LatinaLista — UC Berkeley anthropologist and professor, Beatriz Manz, is spending her Spring Break south of the border but it’s not for fun in the sun. Rather, it’s to provide testimony in a court case that is riveting international human rights watchers.
Manz, an anthropologist and expert on Guatemala’s Mayan community and the abuses they suffered at the hands of the military under former Guatemalan military dictator General Efraín Ríos Montt, is testifying against Montt in a genocide and crimes against humanity trial that is the first of its kind.
Though other dictatorial leaders guilty of genocide have faced a court before, Montt’s trial marks the first time that a former head of state has been prosecuted for genocide in his home country, rather than in an international criminal court.
Montt ruled Guatemala for only 17 months during the years 1982-1983. His tenure was shorter than most dictators but he did his fair share of atrocity against the people of Guatemala, especially the indigenous. Montt and his chief of military intelligence, Jose Mauricio Rodriguez Sanchez, continued abuses against the country’s indigenous, which was a central part of the country’s 36-year civil war. Monnt ordered systematic massacres of the indigenous people. Guatemalan troops and the paramilitary forces carried out the orders which led to thousands not only murdered but being forced out of their homes, communities and lands.
Now, in Guatemala City, Montt is facing his victims and the relatives of his victims as each takes the stand reliving what happened to themselves and their family members as the result of Montt’s actions.

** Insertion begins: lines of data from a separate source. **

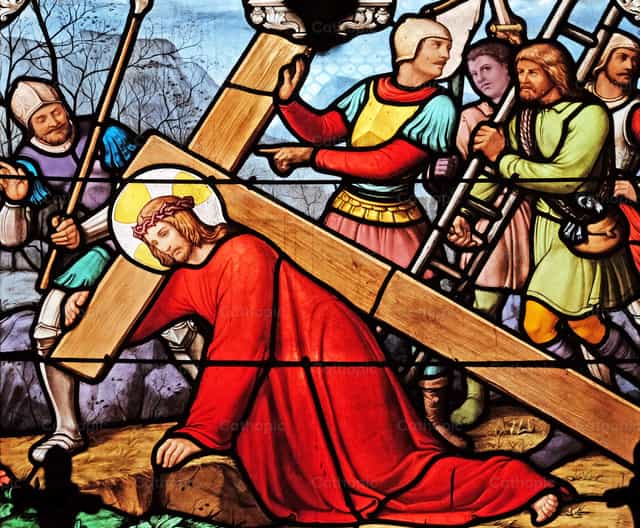 Tercera estación del Vía Crucis: Jesús cae por primera vez - Banco de imágenes católicas - Fotografía por Zvonimir Atletić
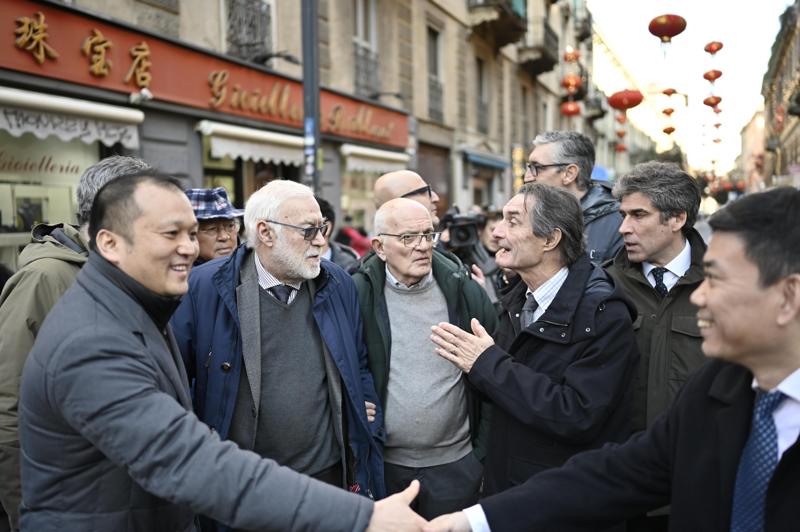 Coronavirus, Fontana nella Chinatown milanese. FOTO Coronavirus, Fontana nella Chinatown milanese. FOTO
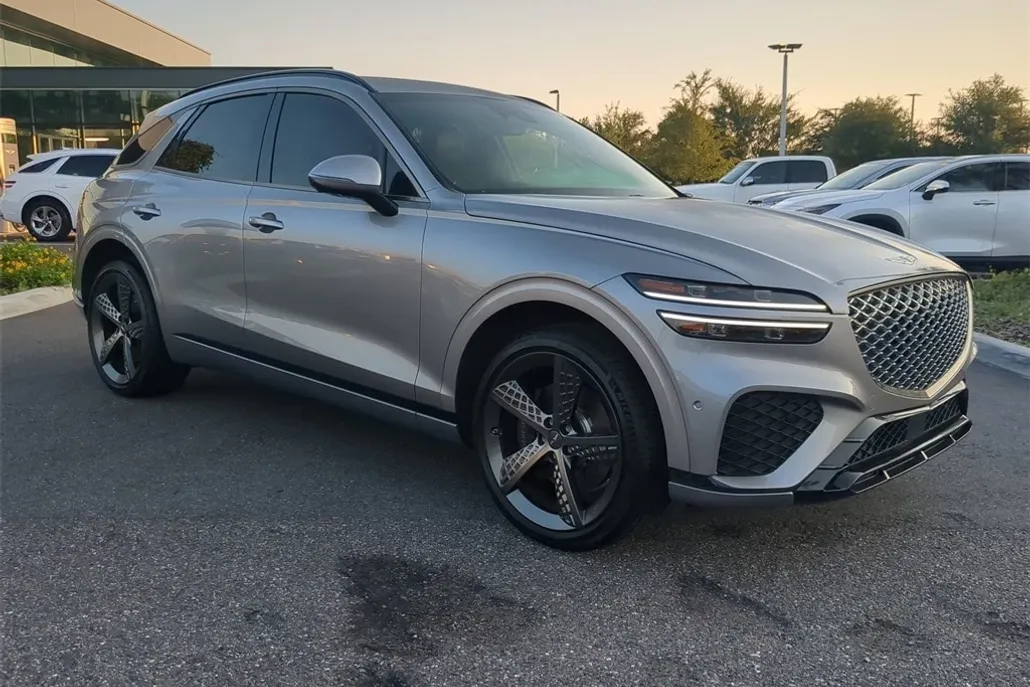 2023 Genesis GV70 3.5T Sport photo 1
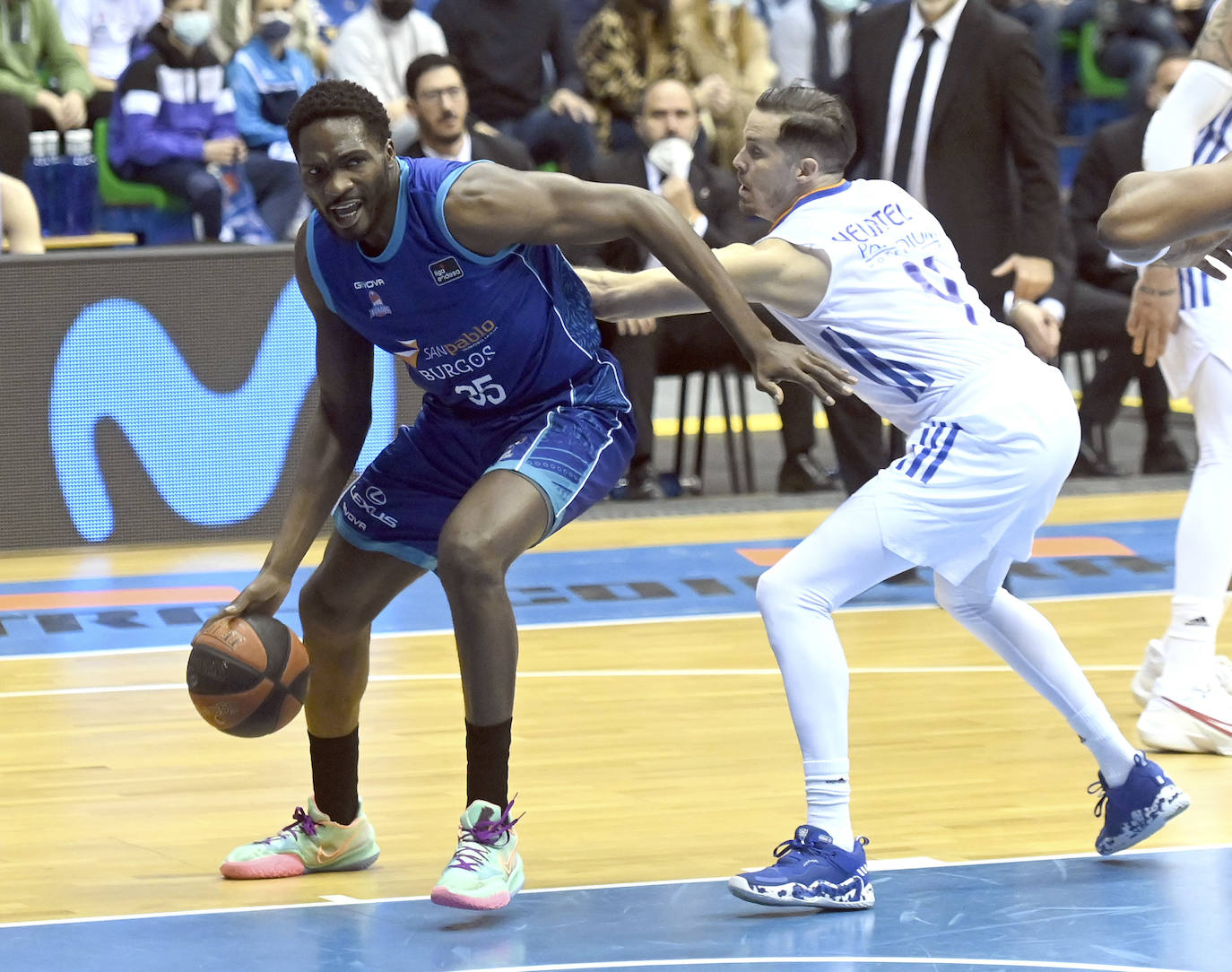 Imágenes del partido entre el Hereda San Pablo Burgos y el Real Madrid disputado en el Coliseum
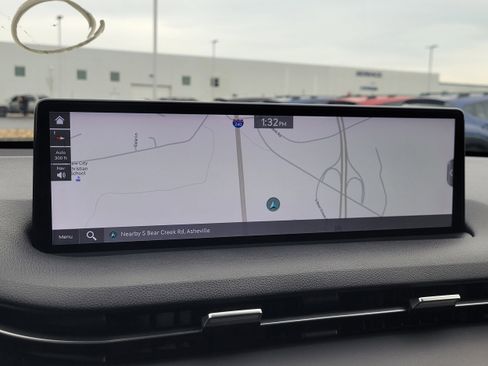 Used 2022 Genesis GV70 2.5T w/ Advanced Package image 22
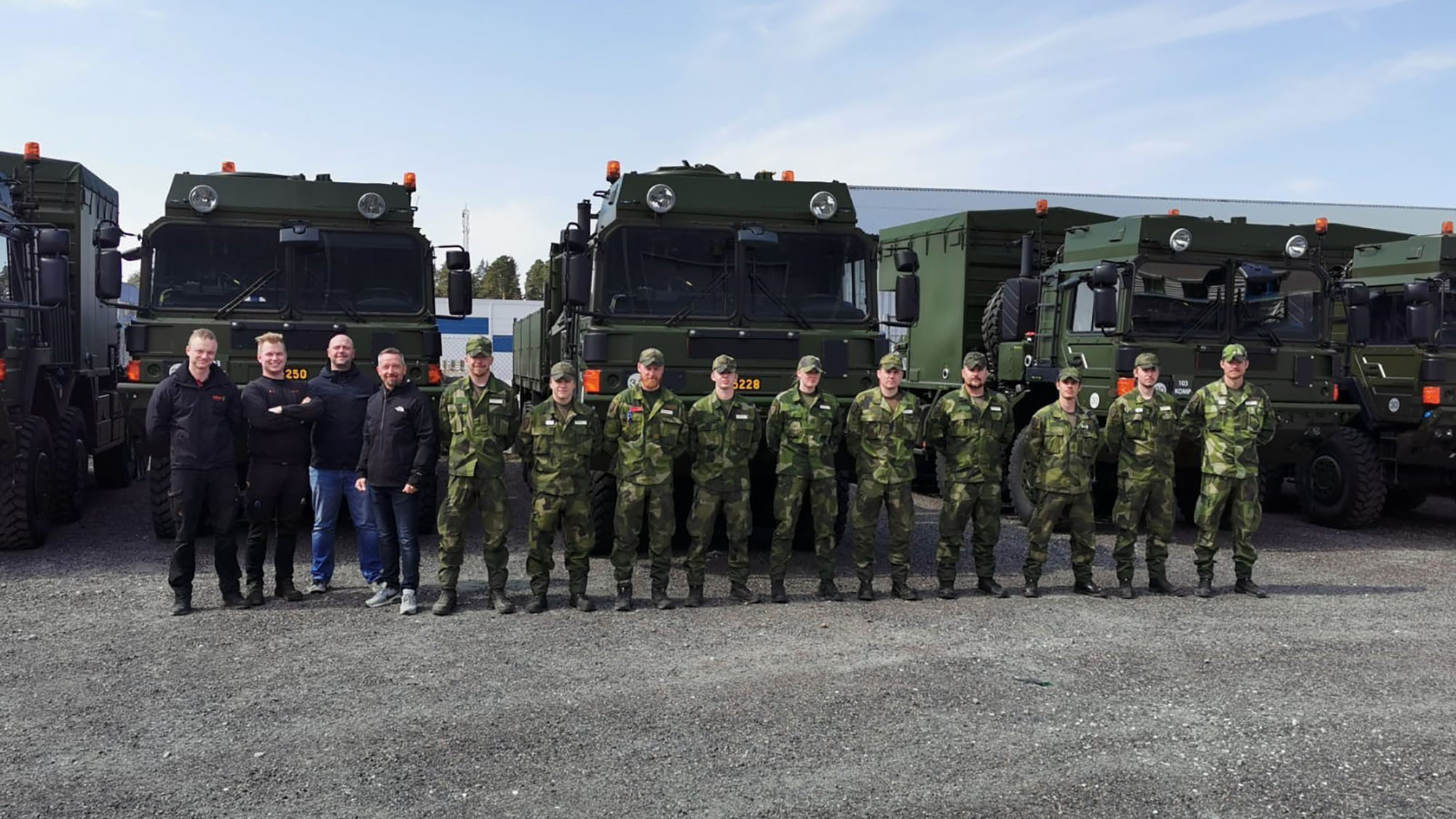 Efter att FMV Test & Evaluering genomfört leveranskontroll av de nya fordonen till Luftvärnssystem 103 transporterade personal från Lv6 fordonen till Halmstad.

The Open Society Justice Initiative created a trial-monitoring website where they are providing analysis and blogging daily on the court proceedings.
The eighth day of the Rios Montt genocide trial began with a nearly full courtroom ahead of the testimonies of indigenous women subjected to rape by the Guatemalan military between 1982 and 1983; their supporters attended in large numbers. Before the day’s proceedings began, supporters hung banners outside the courthouse and placed photos of women killed during the years of the armed conflict along an altar of dried flowers, with candles and the word “Justicia,” or Justice, spelled out. Later in the day, a memorial quilt was hung up in front of the courthouse, each square recounting the story of an individual war victim.
A total of 13 fact witnesses testified, including 12 women. Due to the sensitive nature of the testimony, and concerns presented by the civil parties, Judge Barrios instructed the press not to photograph the faces or publish names of those testifying regarding rapes. (Here, they are identified by initials only.) Ten female witnesses testified covering their heads and faces with rebozos (brightly colored swatches of woven fabric) to protect their privacy as they recounted rape and sexual assault. The mood in the courtroom was somber, with many observers seen wiping away tears or otherwise overtly responding. Attorney Hilda Elizabeth Pineda represented the Public Ministry for most of the day.
Several women testified to the rape of young women and girls—themselves or their relatives. EPS testified that the military took her and her mother to the Tzalbal military installation in May 1982 when she was 12 years old. Soldiers tied her hands and feet, stuffed her mouth with cloth, forced her to watch the rape of her mother, and then raped her. Afterward, she said, “the blood ran out of me” (la sangre corria de mi). Her mother died as a result of her treatment at the military base.
Berkeley Professor Beatriz Manz is one of only two qualified eye witnesses from outside Guatemala testifying in the trial which is currently in its second week and predicted to last several more. According to a press release issued from UC Berkeley, Manz “belongs to what some have dubbed a ‘tough, high-risk sorority’ of human rights researchers and anthropologists, who for years have documented human rights abuses.”
A livestream channel of the court proceedings titled Genocidio Nunca Más has been set up. While the quality of the transmission leaves a lot to be desired, there’s no mistaking the pain in the room and just how dark a chapter in the country’s history this trial is resurrecting.